REQUIRED WORK >>
Restate all data exactly. No images.

DATASET EXTRACT >>
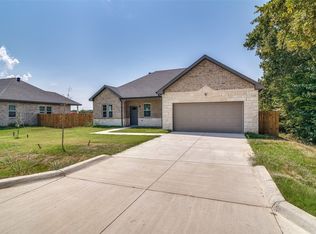 701 Lakeland Dr, West Tawakoni, TX 75474
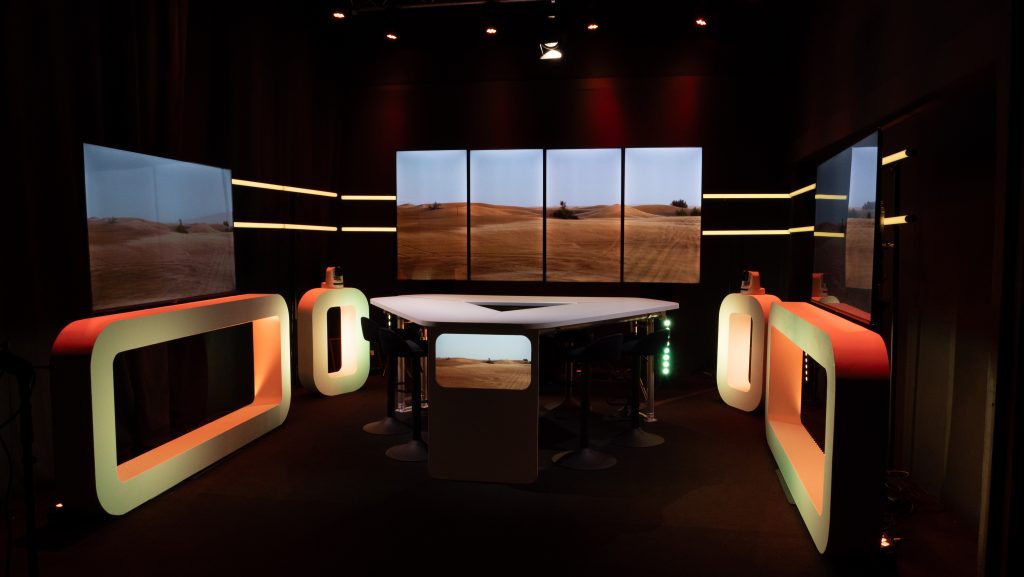 Vue globale personnalisée du plateau TV à Bourges, Centre, avec une ambiance couleur désert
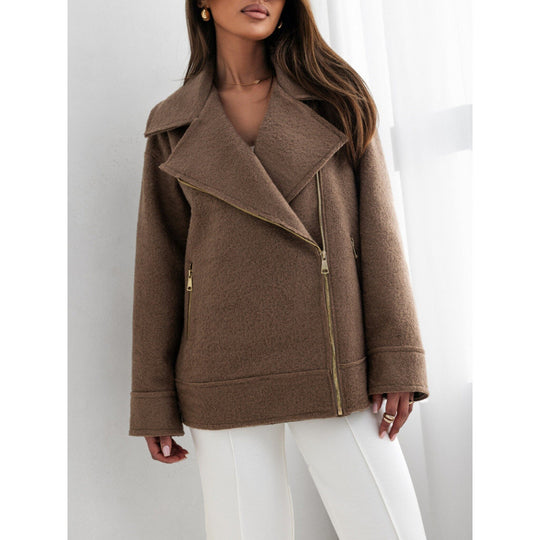 Damen elegante flauschige Bikerjacke mit goldenen Reißverschlussdetails EB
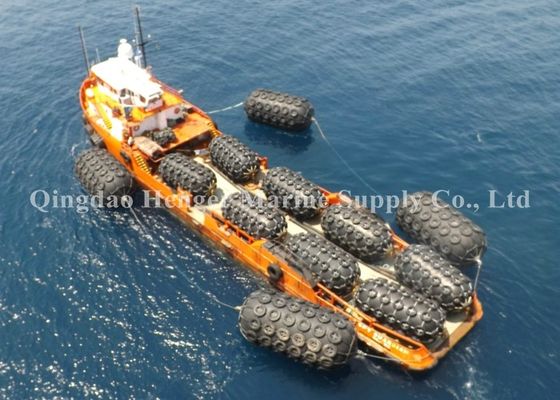 Kualitas Lulus ISO Marine Barge Pneumatic Rubber Fender Offshore Chain Tyre Type pabrik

YOUR RESPONSE >>
 701 Lakeland Dr, West Tawakoni, TX 75474
 Vue globale personnalisée du plateau TV à Bourges, Centre, avec une ambiance couleur désert
 Damen elegante flauschige Bikerjacke mit goldenen Reißverschlussdetails EB
 Kualitas Lulus ISO Marine Barge Pneumatic Rubber Fender Offshore Chain Tyre Type pabrik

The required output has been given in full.